The FDP’s ideas have broad support in Germany and among German economists (and are shared by a number of other European economists). And they are consistent with positions taken by the German Ministry of Finance under the previous government. But policies that might work in a perfect world of efficient and resilient financial markets could be dangerous if applied in highly imperfect real-world markets. As we saw a decade ago, financial institutions operating in an environment of uncertainty can become fragile and collapse, imposing high costs on society.

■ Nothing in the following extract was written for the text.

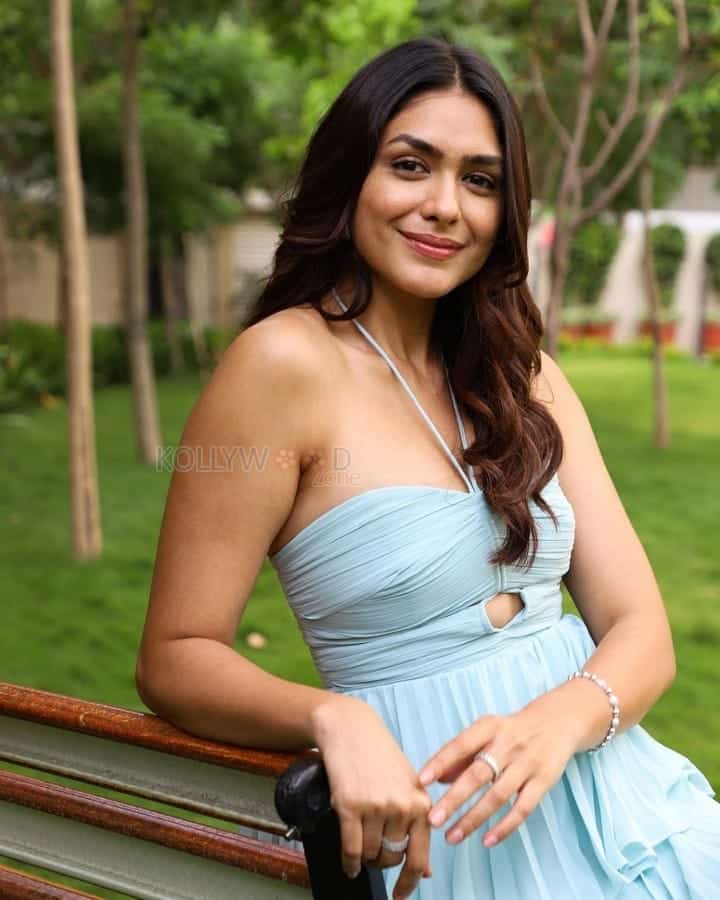 Simple and Stylish Mrunal Thakur Photos 03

The idea of a temporary exit from the euro is particularly ill-advised. If that option were formalized, markets would price it in, and member states without deep capital markets would pay a premium. Their interest rates would be structurally higher. And under volatile conditions, they are prone to face runs from fickle institutional investors, wary of rolling over their credit lines.
The FDP campaigned on an exit option, and its leaders, having been out of parliament for four years, will not want to risk their credibility by backing away from it now. And besides, some deputies in the CDU, and many in its Bavarian sister party, the Christian Social Union, are sympathetic to the FDP’s positions. The third likely member in Merkel’s new coalition, the Greens, would hardly be able to counterbalance these internal forces.
Another problem is that neither Juncker nor Macron has offered much in the way of detail. The actual design of a future eurozone budget – and the types of expenditure it would include – is still unclear. So, too, is the process for holding a eurozone finance minister accountable and ensuring his or her democratic legitimacy. It is also not evident how much national sovereignty would be lost, in the name of a shared fiscal capacity.
Sorting out these questions will require a level of political entrepreneurship unlike anything Merkel has ever shown. To join in Macron’s European project, she would have to assume an entirely new role and expose herself to substantial political risks. Germany would have to take the initiative: rather than rejecting proposals, it would have to offer its own.
Such behavior can hardly be expected from a government that, beholden to the median German voter, plays it safe. The German political centre has been shifting, and it is heading in a different direction than Juncker and Macron. As a result, the eurozone’s institutional design will likely remain incomplete.
Hans-Helmut Kotz, Program Director of the SAFE Policy Center at the Goethe University in Frankfurt, is a visiting professor of economics and a resident fellow at the Center for European Studies at Harvard University.